TDD and ansible - getting started - Moozer projects and such

How to combine test driven development with ansible?

Test driven development has been a thing for me since I discovered it 10-15 years ago. Back then it was mostly as unit tests for C++ and .NET (vb.NET actually).

I have since started doing a lot of ansible, but never really made the effort of formalizing my approach to using TDD in that context. I have been doing tests using vagrant, and later molecule. My colleagues have mostly not understood the value of automated tests or in some case outright thought that it was a hindrance to “doing actual work”

In my latest projects, I have tried to be true to the TDD way of thinking, and I will outline here how I approach it now.

Basics

TDD is about testing first, and then implement. This is an alien thought for a lot of developers. It is even more alien, when we add that the first test must fail.

The process

Create a failing test covering a feature to add or bug to fix
Verify that the test is failing
Add or change the code needed
Verify that the test succeeds
Refactor for readability and maintainability (and add some documentation)
Go to 4 until you are happy with the code

Steps #1 and #2 are the most important ones here.
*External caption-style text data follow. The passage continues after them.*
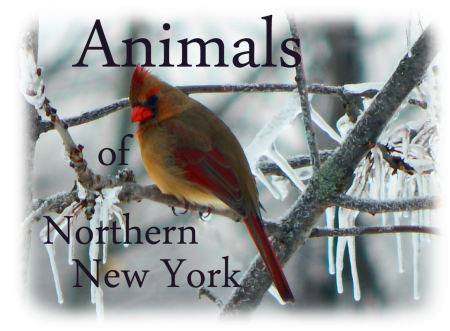 Animals of Northern New York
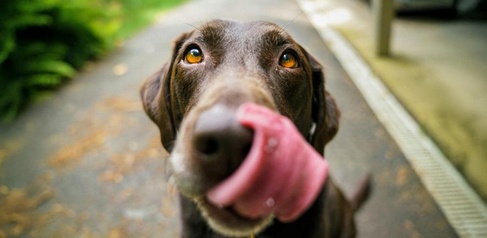 Dogs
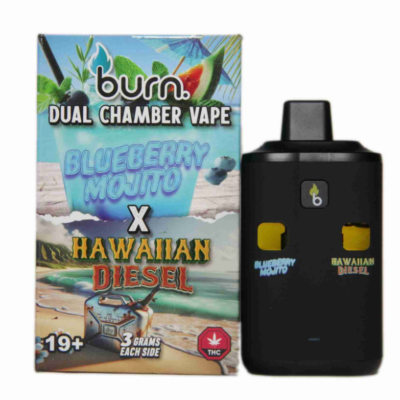 Burn Dual Vape (6g) - Blueberry Cheese + AMG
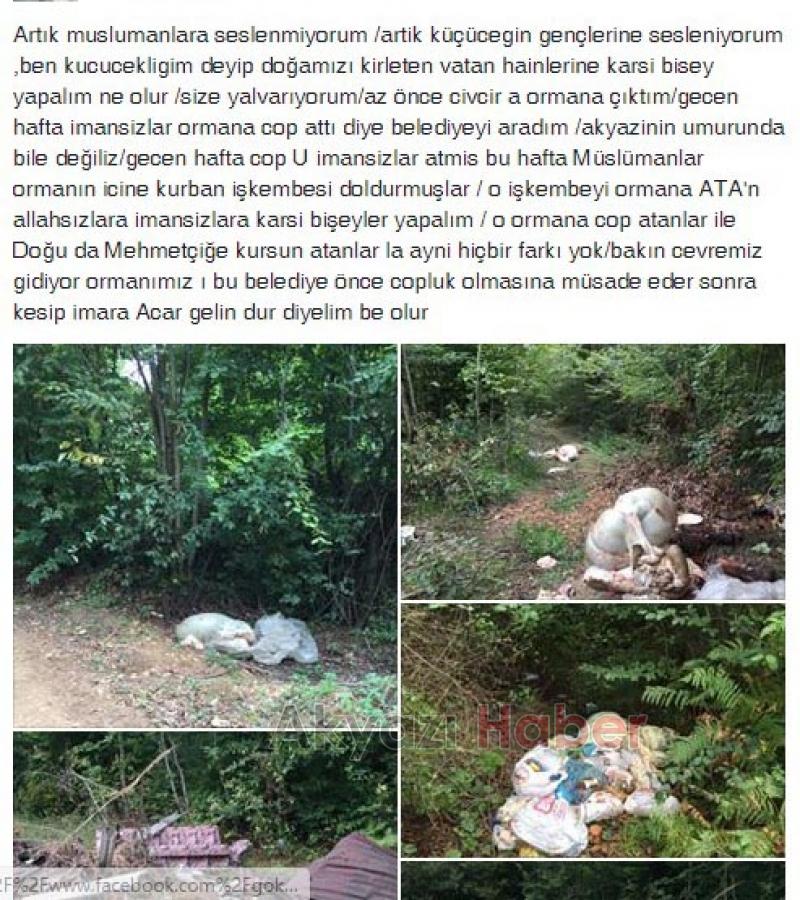 Bir İşkembe de Küçücek Ormanında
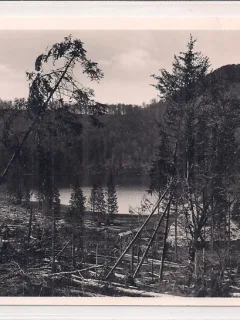 Carte postala necirculata din perioada interbelica Baile Tusnad
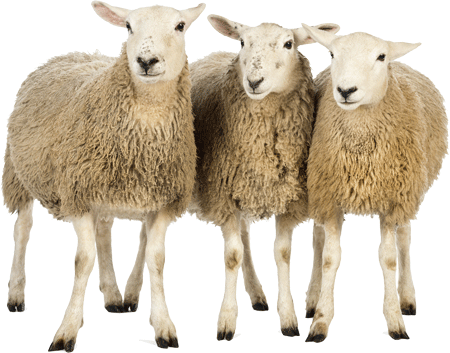 sheep_PNG2190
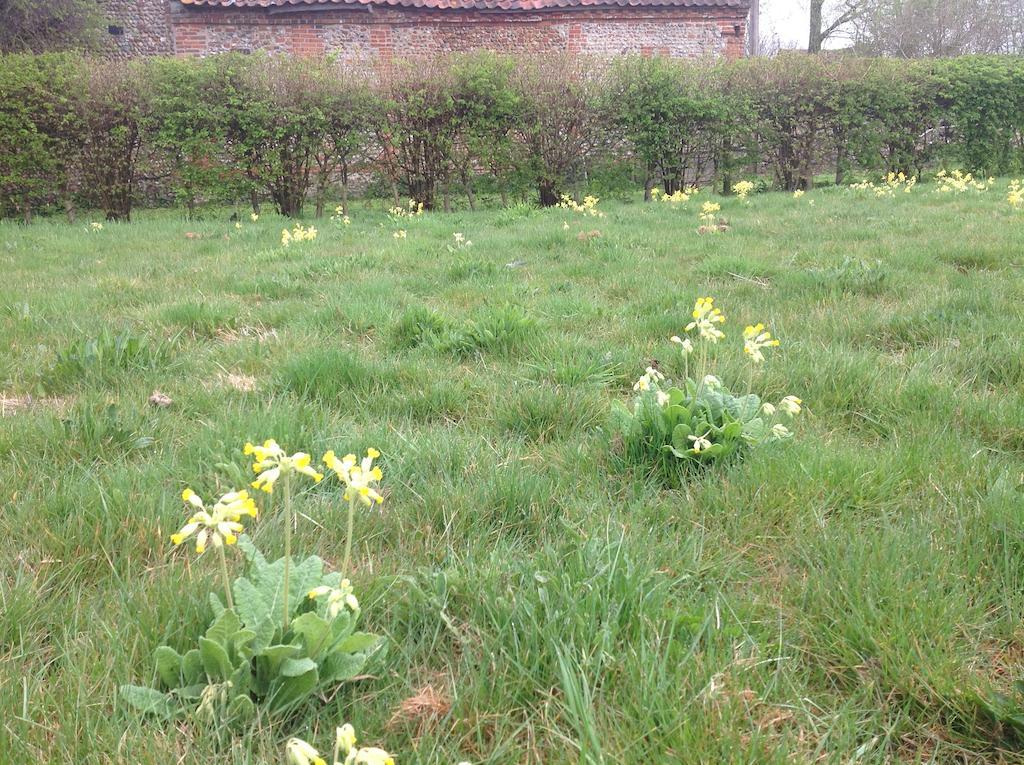 White House Farm Bed & Breakfast Hindolveston Bagian luar foto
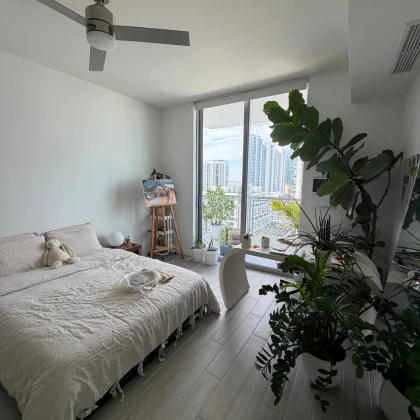 sdaetsya-komnata-v-edgewater-miami-photo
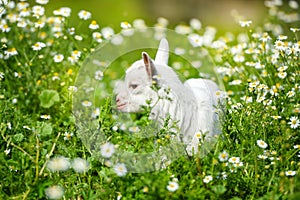 White little goat standing on green grass with daisy flowers on a sunny day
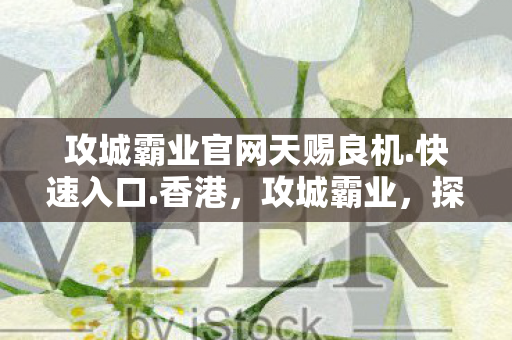 攻城霸业官网天赐良机.快速入口.香港，攻城霸业，探索策略游戏中的智慧与勇气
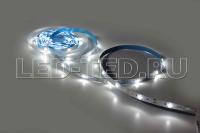 030120_1_led_ted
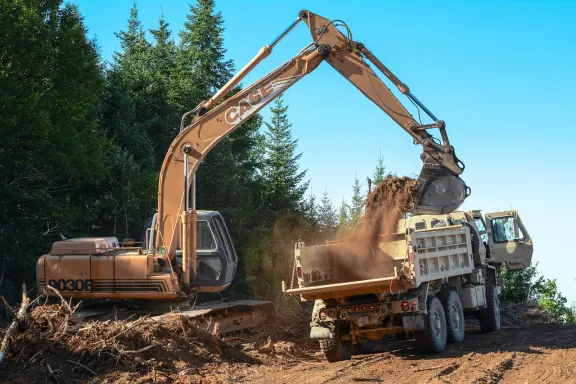 BingoCafe Kasyno Wsparcie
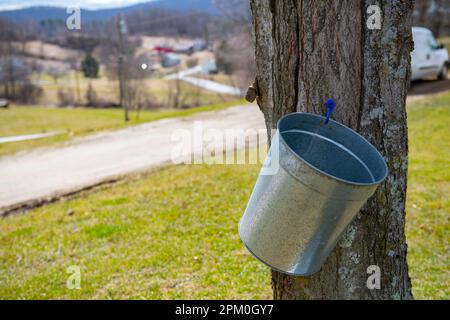 USA VT Vermont North Chittenden Baird Farm acero sciroppi produttori piccola impresa - secchio sap su un albero di acero Foto Stock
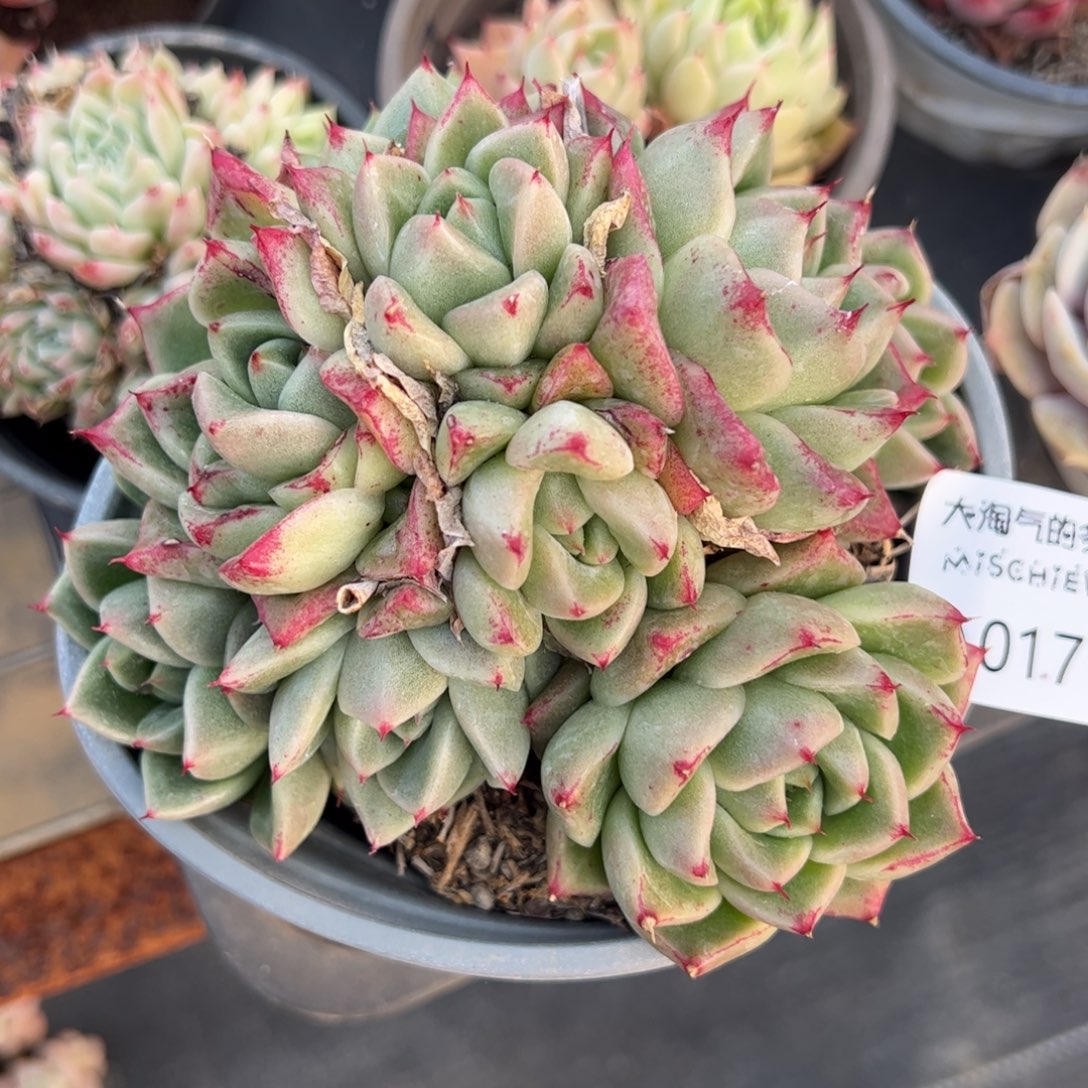 梦幻女王一物一拍1779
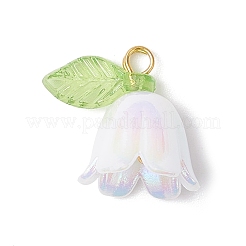 5Pcs Transparent Acrylic Pendants&nbsp;PALLOY-JF04703-01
Doing a test-first strategy will force you to consider what you are trying to implement. This will help you keep focus, (mostly) avoid scope creep and make your interfaces nicer. The latter was an interesting spin-off that I had not considered, when I started doing tests. It comes down to the fact that you will be using classes/roles/functions/structures in multiple different ways, and that nudges you to make better interfaces.

The second step is in many ways magical. You think you have made a nice test that shows what the problem is, and then the test doesn’t fail. Then what?

When system becomes large and complexity rises, you loose overview of details buried in the code, and your idea of how to test something is off. The logical conclusion is that you don’t know the problem well enough to actual state (using a test) what the problem is you want to solve - and if you cannot do that, how can you implement a solution. This problem gets even worse when you are in team, and you are not the only one adding code to a system. Sometimes tests are the only “documentation” showing how an interface should be used.

Step 3 is where most people start and end. Add code, run once, and then call it a day. This is not the recipe for a high quality maintainable system.

Step 4 is you quality control that you have implemented what you have stated you wanted to implement. It is also a vital step to be able to perform as part of the refactoring. Do a git commit when it works, to ensure that you don’t break things too badly when refactoring.

Step 5 is refactoring, which includes cleaning up. This would be deleting stale code, turning magic values into variables, update comments, and so on.

Step 6 is your check that refactoring still is a valid solution to your problem.

There are some version control strategies that are relevant to consider also, but we leave that for a later time.

Applying it to ansible

The simplest test sequence is similar to the following.

From roles to system

Each role is as self contained as possible and has tests to verify their proper functioning. Depending on the system, you will also have integration testing, and perhaps multiple levels of system tests before reaching production.

When testing, we want to test interfaces between components. In ansible, I am using that an “interface” is a role or a collection. It doesn’t matter if it is a mono-repo with lots of roles, or separate repos with one role each. That is a version control and pipeline strategy discussion for another time.

My process is as follows

Add an entry in the readme.md for the role and state the requirements
In the molecule scenario for the role, add the test in verify.yml
Run molecule converge
Run molecule verify and see that it fails
Change the code
Go to 3, until step 4 does not fail
Refactor, rerun test and update repo docs
molecule test to finish up to ensure that we haven’t forgotten anything

After the above, there is a good chance that my new feature is working, and we want to use it.

If you are lucky enough to have a test environment (that is different from your production environment), start there, otherwise Ansible-playbook -i prod -C -D someplaybook.yml will tell you the changes you are introducing on your servers.

This step often highlight some small difference between the molecule test scenario and the real world. You will have to evaluate if you need to go back and create new feature/test or if you believe it difference to be benign.

I find that adding

ignore_errors: "{{ ansible_check_mode }}"

needs to be added to selected tasks.

Finalize with

Ansible-playbook -i prod -D someplaybook.yml

well - maybe wait with that command until you have a maintenance window.

Closing notes

Tests are broad topic, and I just wanted to present my thoughts on my TDD strategy for ansible.

In a team there would be a lot of decisions related to the amount of tests, duration of tests, integration test, version control, review, pipelines and so on that is needed also, but we leave that for a later time.